I have been, at times, so effective at deleting content streams I’m not interested in that I’m sure I’ve offended people.  Like, there’s a person I really like, but I simply don’t need to know every single time any professional Boston sports team scores.  (And I’m not just talking post-season.)  I like her, and I’m interested in what she posts elsewhere, but I unfollowed her on Twitter a long while ago.

I deeply enjoy the internet community of friends I have acquired.  Some are people I’ve never met in real life.  Some are people I never would have talked to more than a few times without social networks.  But I have a list of people who consistently post really interesting things.  A list of people where I would love to read every single thing they post, on all social networks.  And then, if I’ve read all of that, and still have time, I probably want to read all of what the rest of my friends post next.  

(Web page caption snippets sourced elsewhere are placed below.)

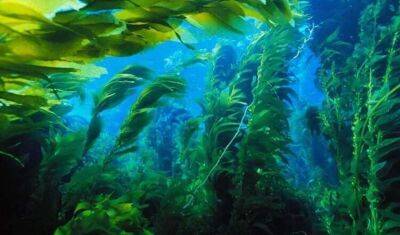 Площу підводних лісів планети та їхній вплив на клімат оцінили вчені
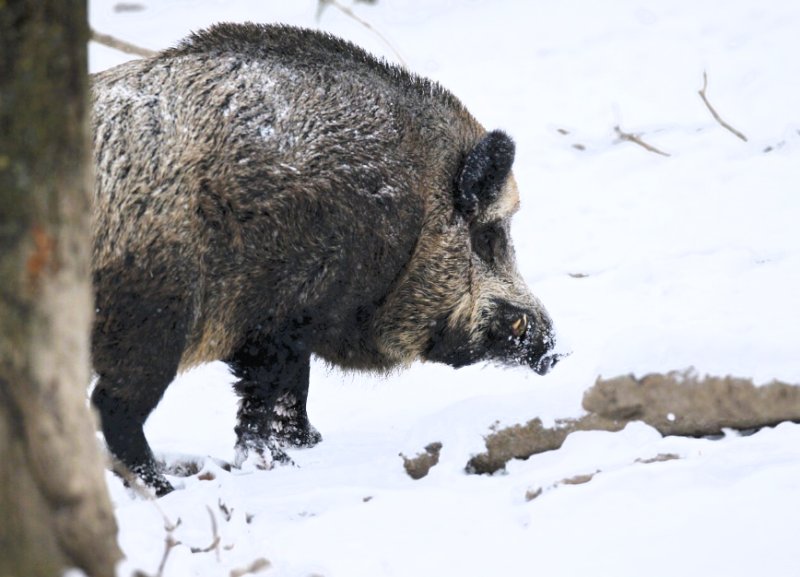 Cinghiale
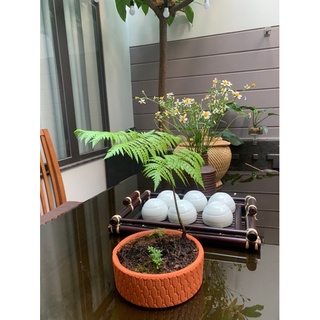 cẩu tích  10 củ nhỏ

I would love nothing more than if I could turn all of the internet into some sort of giant RSS-reader type thing– One centralized interface in which I could log in, and then categorize based on what I was interested in and was unread (IE, Facebook.  Or everything my partner has posted that day.  Or everything the celebrities I like have posted on tumblr.)  I love checking things off lists, I love completing things.

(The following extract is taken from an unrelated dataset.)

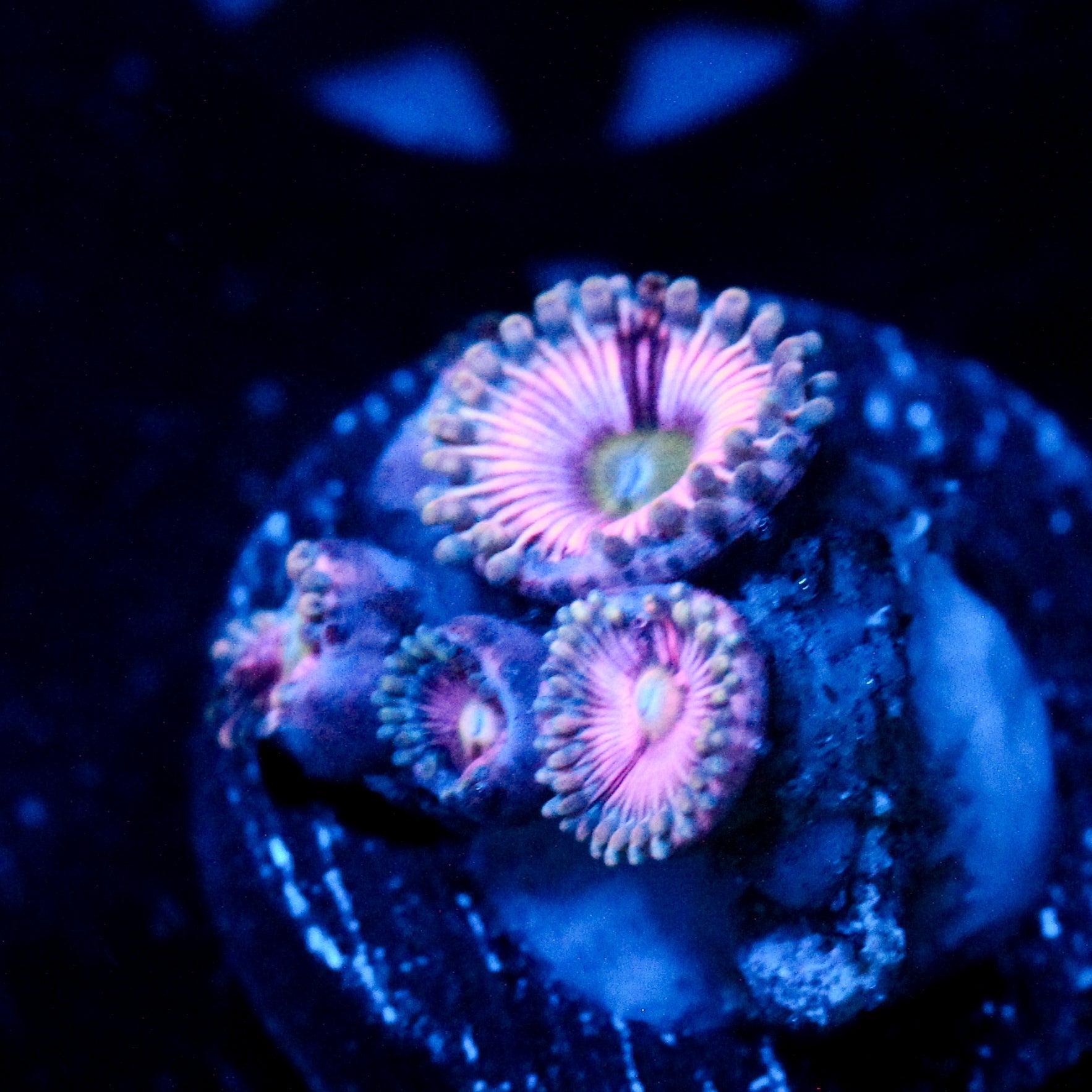 JC Sour Starburst Zoanthid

I don’t have a problem with cutting out the content I don’t care for.  But the popular internet is not set up to be able to easily create tiers.  I’ve done it before in Facebook, and it worked until a few months later when they re-did the interface, and then I was stuck again.  This has happened more than once.  But at least there are a few options on Facebook, at least Facebook understands that one of the big challenges they face right now is showing you what you want to see, by both creating smarter algorithms but also giving you some of the control.

As far as I can tell, Twitter and Tumblr are not meant to be read to completion.  Not unless you have a very small number of people you follow.  And that’s sort of the opposite of the point.  For a while, I had a sort-of solution rigged for twitter, which disintegrated when I switched computers.  So I basically gave up.  At this particular moment in time, I don’t know what I want out of twitter, or what I’m willing to put into twitter.  Basically, somewhere in the internal maximization problem, I had to divide by 0, and the solution was “stop using twitter for a while”.  This feels like failure.

This feels like getting old.  For the first time in my life, I feel like there are aspects of the internet I “just don’t get”.  I feel like what I want is just not on offer, because it’s not valued any longer.  But, hey, at least I’m not alone.


One Response to “Overwhelmed?”

  1. I mostly keep my twitter feed limited to very few people. I kind of want two twitter feeds – the “interesting/funny blogs and celebrities and writers” feed and the “people I kinda know in real life and want to be vaguely aware of” feed. They do have a lists functionality, but it feels a little clunky to me.

    I wouldn’t say I’m overwhelmed. But I know the feeling.